→ Extracted information:
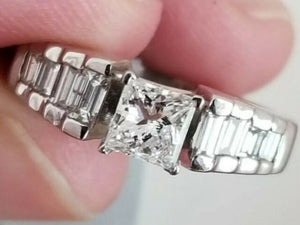 Solitaire Engagement Ring,1.00 Carat H SI2, Diamond ,14k  White Gold, See Video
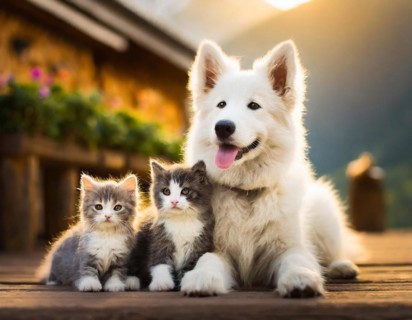 Dog, puppies of a white shepherd dog playing with two young white cats, AI generated, AI generated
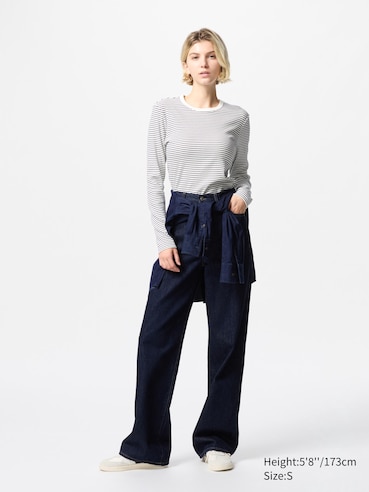 Soft Ribbed Striped Crew Neck Long Sleeve T-Shirt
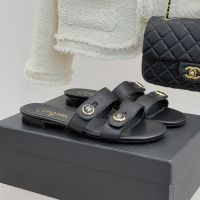 Chanel Slides with Enamel Logo Buttons Women in Lambskin Black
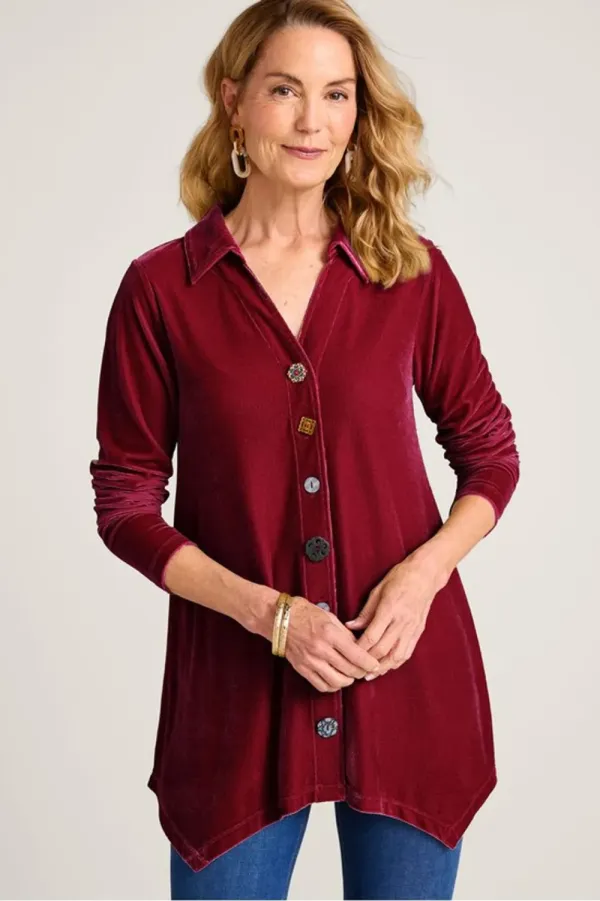 Velvet Danielle Button Long Sleeve Tunic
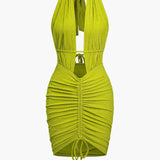 Maya | Sexy Backless Halter Minikleid mit Raffungen – Sommerliches Party-Kleid für heiße Nächte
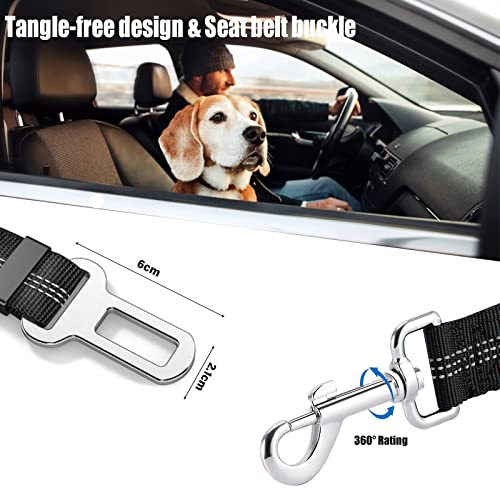 Sixbaola Dog Seat Belt, 2 Pack 2-In-1 Dog Car Seatbelt Headrest Restraint Adjustable Reflective Pet Safety Seat Belt Clip Buckle Tether For Large Medium Small Dogs… (Black, 2 In 1) #TOP4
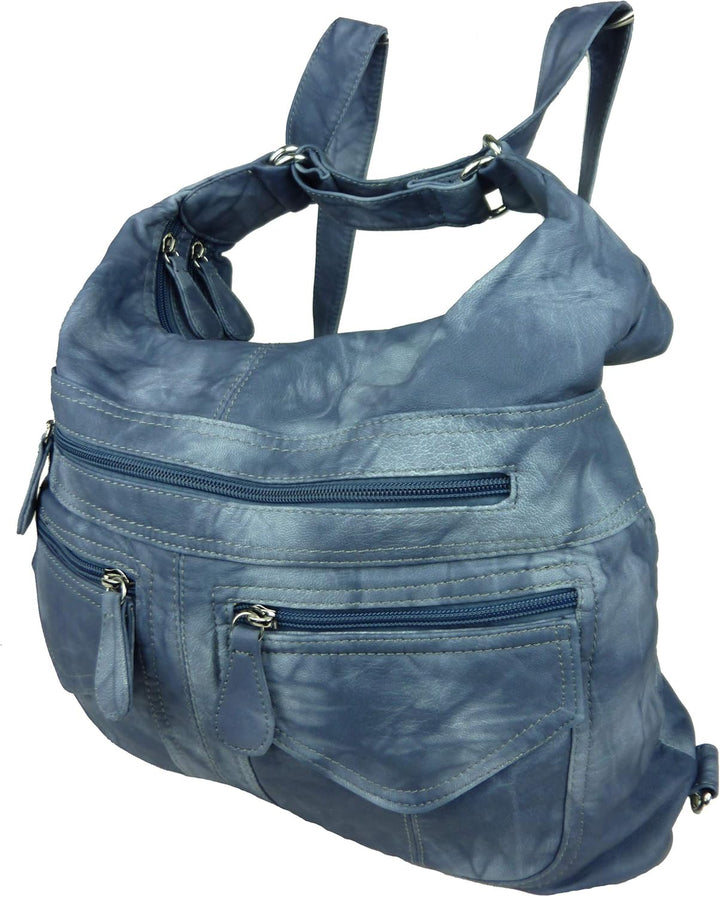 kennydoo Rucksacktasche I 2in1 Damen Rucksack und Handtasche in Einem I Schultertasche einfarbig uni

→ Prompt:
Without copying the pictures, transcribe the entries exactly.

→ Solution for this problem:
 Solitaire Engagement Ring,1.00 Carat H SI2, Diamond ,14k  White Gold, See Video
 Dog, puppies of a white shepherd dog playing with two young white cats, AI generated, AI generated
 Soft Ribbed Striped Crew Neck Long Sleeve T-Shirt
 Chanel Slides with Enamel Logo Buttons Women in Lambskin Black
 Velvet Danielle Button Long Sleeve Tunic
 Maya | Sexy Backless Halter Minikleid mit Raffungen – Sommerliches Party-Kleid für heiße Nächte
 Sixbaola Dog Seat Belt, 2 Pack 2-In-1 Dog Car Seatbelt Headrest Restraint Adjustable Reflective Pet Safety Seat Belt Clip Buckle Tether For Large Medium Small Dogs… (Black, 2 In 1) #TOP4
 kennydoo Rucksacktasche I 2in1 Damen Rucksack und Handtasche in Einem I Schultertasche einfarbig uni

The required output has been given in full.